Island of the Dolls
The Island of the Dolls (Isla de las Muñecas) is a chinampa — a traditional floating garden — located in the canal network of Xochimilco, south of central Mexico City. The island is covered with hundreds of deteriorating dolls hung from trees and fences by its late caretaker, Don Julián Santana Barrera, who spent decades collecting and displaying the figures as a tribute to a young girl he claimed drowned nearby. Since Don Julián’s own death in 2001 — found drowned in the same canal — the island has become one of Latin America’s most visited dark tourism destinations, recognised in 2022 by Guinness World Records as housing the world’s largest collection of so-called haunted dolls.
At a glance
- Type
- Dark tourism site / chinampa (floating garden)
- Period
- Mid-20th century to present; doll accumulation from c. 1950s onward
- Style
- Vernacular / folk; chinampa agricultural landscape
- Location
- Laguna de Tequila, Xochimilco canals, Mexico City, Mexico
- Coordinates
- 19.2924° N, 99.0952° W
Overview
The Island of the Dolls sits within the Xochimilco canal system, a UNESCO World Heritage Site recognised for its pre-Hispanic chinampa farming landscape. The island itself is a small plot of land surrounded by water channels, reachable only by trajinera (a traditional flat-bottomed boat). Hundreds of dolls — many headless, limbless, or heavily weathered — hang from every available surface, creating an atmosphere that blends folk memorial with the uncanny. The island is managed by the family of the late Don Julián and receives a steady stream of visitors year-round.
History
Don Julián Santana Barrera settled on the chinampa as a hermit caretaker in the mid-twentieth century. According to his account, he discovered the body of a drowned girl in the canal and shortly afterwards found a doll floating in the water, which he hung from a tree as a sign of respect for her spirit. He continued collecting and hanging dolls for the rest of his life, trading produce from the island for more figures, eventually covering the island with hundreds of them. Don Julián died in April 2001, reportedly found drowned in the same spot where he had claimed to see the girl’s body — a coincidence that dramatically amplified the site’s mythology and drew international media attention.
What you see
Arriving by trajinera through the narrow Xochimilco canals, visitors encounter the island’s perimeter hung with rows of dolls in every state of decay — plastic faces bleached by sun, hair matted by rain, limbs missing or replaced. The trees and fences serve as display structures, with some dolls stacked several layers deep on the same hooks. A small caretaker’s hut and garden occupy the centre of the island. The surrounding canal landscape, with its floating gardens and passing trajineras, places the island within the broader Xochimilco chinampa environment, listed by UNESCO as part of the Historic Centre of Mexico City and Xochimilco.
Cultural significance
The Island of the Dolls is a striking convergence of pre-Hispanic landscape heritage, twentieth-century folk memorialisation, and global dark tourism. It sits within a UNESCO-listed canal system that preserves one of the world’s last surviving chinampa farming traditions, giving the site a dual layer of heritage significance beyond its notoriety. The island was recognised by Guinness World Records in 2022 for its collection, cementing its status in the global cultural imagination.
Practical information
Location: Xochimilco canals, Mexico City, Mexico.
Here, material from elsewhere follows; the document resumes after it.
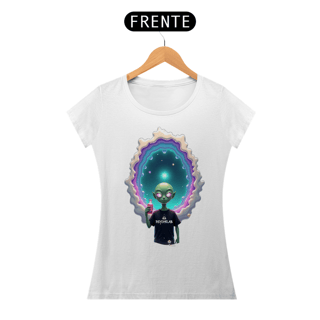 Nome do produto Baby look - Space trip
Access: Hire a trajinera at the Embarcadero Cuemanco or Embarcadero Fernando Celada in Xochimilco; the journey takes approximately 1.5–2 hours each way. Negotiate a round-trip fare including waiting time.
Hours: Daylight hours recommended; check with embarcadero operators for current availability.
Admission: Trajinera hire fee applies; small tip for the island caretaker is customary.
Getting there
Take Metro Line 2 (blue) to Tasqueña station, then the light rail (tren ligero) to Xochimilco station. From there, walk or take a mototaxi to the nearest embarcadero. By car, follow Periférico Sur to the Xochimilco exits; parking is available near the embarcaderos. The journey from central Mexico City takes approximately 1–1.5 hours by public transport.